Avis aux producteurs de Netflix: la vie d'Alexandre Dällenbach mérite bien un documentaire. Déjà, les paysages vaudraient le détour, entre le Valais, le Tessin, l'île de La Réunion et l'Italie. Mais pas seulement… Cerise sur le gâteau: il y a une fin heureuse.

Mais n'allons pas trop vite en besogne. C'est dans la Berne fédérale que Blick retrouve Alexandre Dällenbach, dans un petit café accompagné de sa femme. Le couple s'excuse à de nombreuses reprises de venir à deux mais il faut bien les comprendre, ils passent déjà si peu de temps ensemble. D'ailleurs, Mélanie repart tout bientôt pour La Réunion, histoire de déposer leurs quatre enfants et de récupérer Chantal, la mère d'Alexandre, direction Paris et les JO.

Le pentathlon moderne, qu’est-ce?

Comme son nom l’indique, le pentathlon moderne est un sport composé de cinq disciplines: l’escrime, la natation, l’équitation, le tir au pistolet (laser) et la course à pied. Les deux dernières disciplines sont combinées, un peu sur le modèle du biathlon.

Pour atteindre ces Jeux olympiques, Alexandre Dällenbach a décroché un sésame lors des Jeux Européens de Cracovie en 2023. À Paris, la compétition sera très relevée. Ils seront 36 pour trois places sur le podium. 44e du classement mondial, le Valaisan ne partira pas avec les faveurs de la cote. Mais au pentathlon moderne, tout est possible.

Comme son nom l’indique, le pentathlon moderne est un sport composé de cinq disciplines: l’escrime, la natation, l’équitation, le tir au pistolet (laser) et la course à pied. Les deux dernières disciplines sont combinées, un peu sur le modèle du biathlon.

Pour atteindre ces Jeux olympiques, Alexandre Dällenbach a décroché un sésame lors des Jeux Européens de Cracovie en 2023. À Paris, la compétition sera très relevée. Ils seront 36 pour trois places sur le podium. 44e du classement mondial, le Valaisan ne partira pas avec les faveurs de la cote. Mais au pentathlon moderne, tout est possible.

Chantal Dällenbach-Fontaine, c'est d'elle que part l'histoire du pentathlète. Fin 1992, alors qu'Alexandre n'a que 1 an, elle se fait renverser par une moto et une barre en fer lui traverse le crâne. Elle reste trois mois dans le coma et, quand elle en sort, elle est dans un état végétatif et considérée comme handicapée à 100%. «Je me souviens qu'il y avait des moments où elle ne me reconnaissait pas. Pour un enfant, c'est vraiment dur», confie son fils.

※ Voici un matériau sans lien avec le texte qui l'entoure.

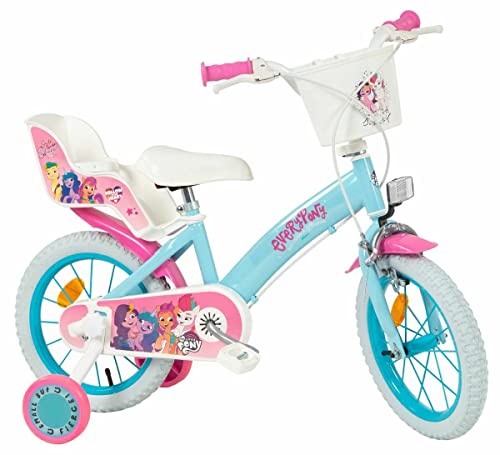 16 Zoll Disney Kinder Mädchen Fahrrad Kinderfahrrad Kinderrad Mädchenfahrrad Mädchenrad Rad Bike My Little Pony 1697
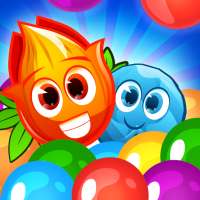 Bubble shooter new logo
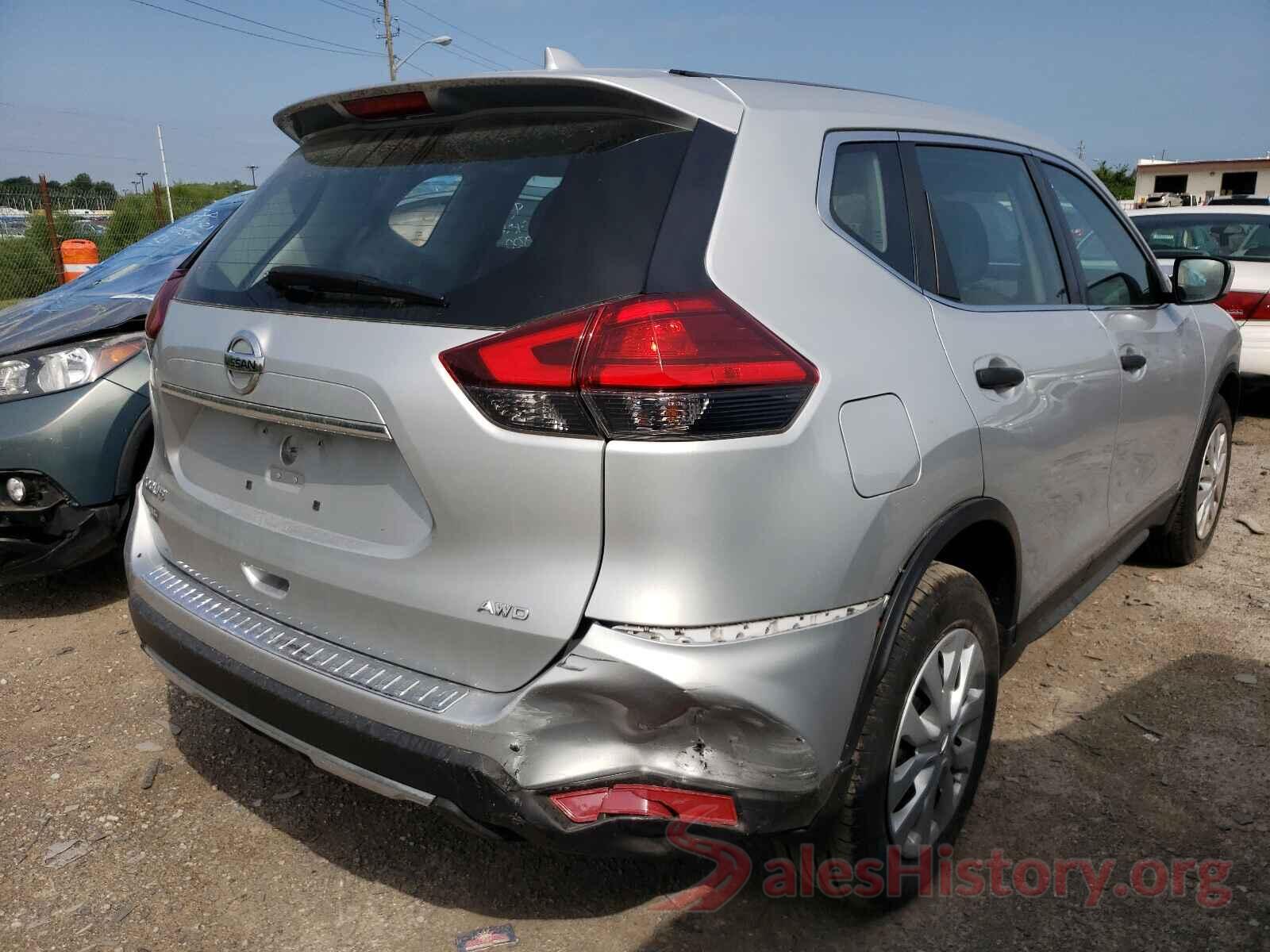 5N1AT2MV3HC782717 2017 NISSAN ROGUE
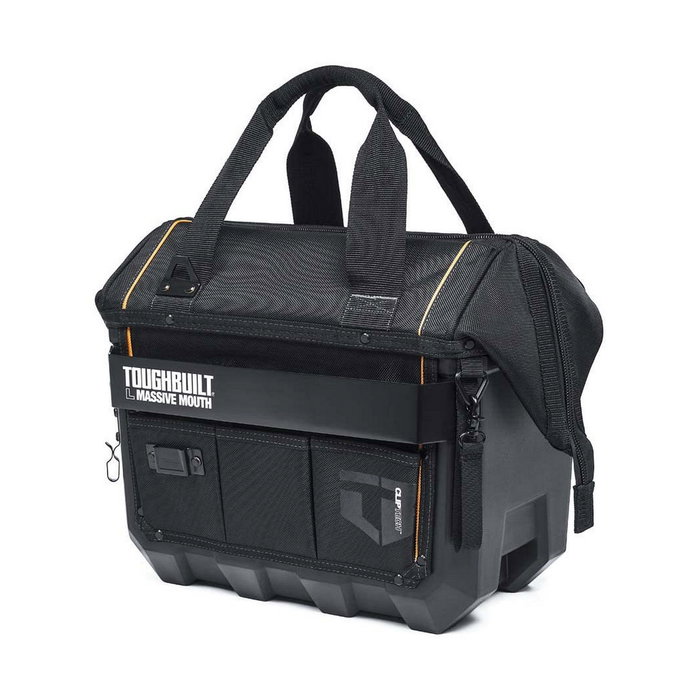 Toughbuilt Bolsa de herramientas Massive Mouth L 400 mm / 16 pulg Toughbuilt Bolsa de herramientas Massive Mouth L 400 mm / 16 pulg
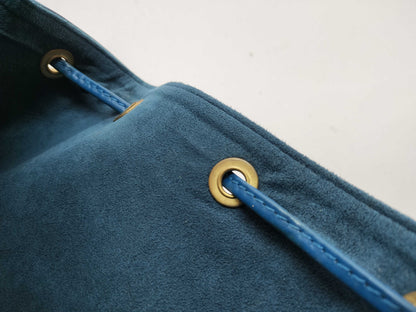 LOUIS VUITTON AR 0975 Epi Petit Noe Blue Shoulder Bag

Mais dans la course à pied, Chantal Dällenbach-Fontaine trouve une thérapie. Rapidement, elle a enchaîné les bons résultats, qui lui ont permis de participer aux Jeux olympiques d'Atlanta en 1996. De 2002 à 2008, elle détient aussi le record de France du marathon. «J'aime bien dire que toute mon existence, j'ai essayé d'arriver à la cheville de ma mère, précise Alexandre. Quand la vie devient dure, je me dis qu'il n'y a pas d'excuse pour mettre un pied devant l'autre.» Grâce à cet héritage, le Franco-Suisse – mais qui va porter la croix blanche à Paris – dit «vouloir être une meilleure version de moi-même chaque jour». Et de l'expérience olympique de sa mère, il se souvient «surtout des mascottes qu'elle m'a ramenées et avec lesquelles j'ai joué pendant des années (rires)».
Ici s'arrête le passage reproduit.